### Prompt
Go through the listing below and list every line with "Thick".

------ The data

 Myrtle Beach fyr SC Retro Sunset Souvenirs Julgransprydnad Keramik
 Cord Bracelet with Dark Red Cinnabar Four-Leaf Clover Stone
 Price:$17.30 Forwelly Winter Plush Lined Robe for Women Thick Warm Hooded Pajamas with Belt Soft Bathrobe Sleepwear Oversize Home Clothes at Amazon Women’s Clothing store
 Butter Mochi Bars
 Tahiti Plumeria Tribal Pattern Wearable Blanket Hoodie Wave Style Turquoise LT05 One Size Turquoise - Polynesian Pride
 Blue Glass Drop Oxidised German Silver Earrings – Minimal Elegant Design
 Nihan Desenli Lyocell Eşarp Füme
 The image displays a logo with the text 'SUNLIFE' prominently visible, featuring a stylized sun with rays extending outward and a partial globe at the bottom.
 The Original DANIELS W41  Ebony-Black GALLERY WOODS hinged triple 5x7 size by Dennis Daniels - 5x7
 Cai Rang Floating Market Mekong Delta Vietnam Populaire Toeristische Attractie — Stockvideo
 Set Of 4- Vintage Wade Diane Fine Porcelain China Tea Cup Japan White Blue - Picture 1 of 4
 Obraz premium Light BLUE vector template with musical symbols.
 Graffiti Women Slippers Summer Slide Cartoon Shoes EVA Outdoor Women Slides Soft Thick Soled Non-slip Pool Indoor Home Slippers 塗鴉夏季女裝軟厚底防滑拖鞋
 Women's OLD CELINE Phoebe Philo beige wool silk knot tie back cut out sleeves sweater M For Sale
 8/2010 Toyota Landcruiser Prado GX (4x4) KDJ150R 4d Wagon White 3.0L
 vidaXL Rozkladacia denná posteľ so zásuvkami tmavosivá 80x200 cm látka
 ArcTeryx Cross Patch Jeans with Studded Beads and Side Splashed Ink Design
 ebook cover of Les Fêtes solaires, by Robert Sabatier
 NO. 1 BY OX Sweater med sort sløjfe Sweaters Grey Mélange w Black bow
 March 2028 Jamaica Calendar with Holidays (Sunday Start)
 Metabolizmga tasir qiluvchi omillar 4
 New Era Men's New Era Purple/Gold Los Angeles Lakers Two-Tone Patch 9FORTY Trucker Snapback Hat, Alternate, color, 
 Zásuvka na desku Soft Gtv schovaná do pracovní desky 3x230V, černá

------------

### Your solution
 Price:$17.30 Forwelly Winter Plush Lined Robe for Women Thick Warm Hooded Pajamas with Belt Soft Bathrobe Sleepwear Oversize Home Clothes at Amazon Women’s Clothing store
 Graffiti Women Slippers Summer Slide Cartoon Shoes EVA Outdoor Women Slides Soft Thick Soled Non-slip Pool Indoor Home Slippers 塗鴉夏季女裝軟厚底防滑拖鞋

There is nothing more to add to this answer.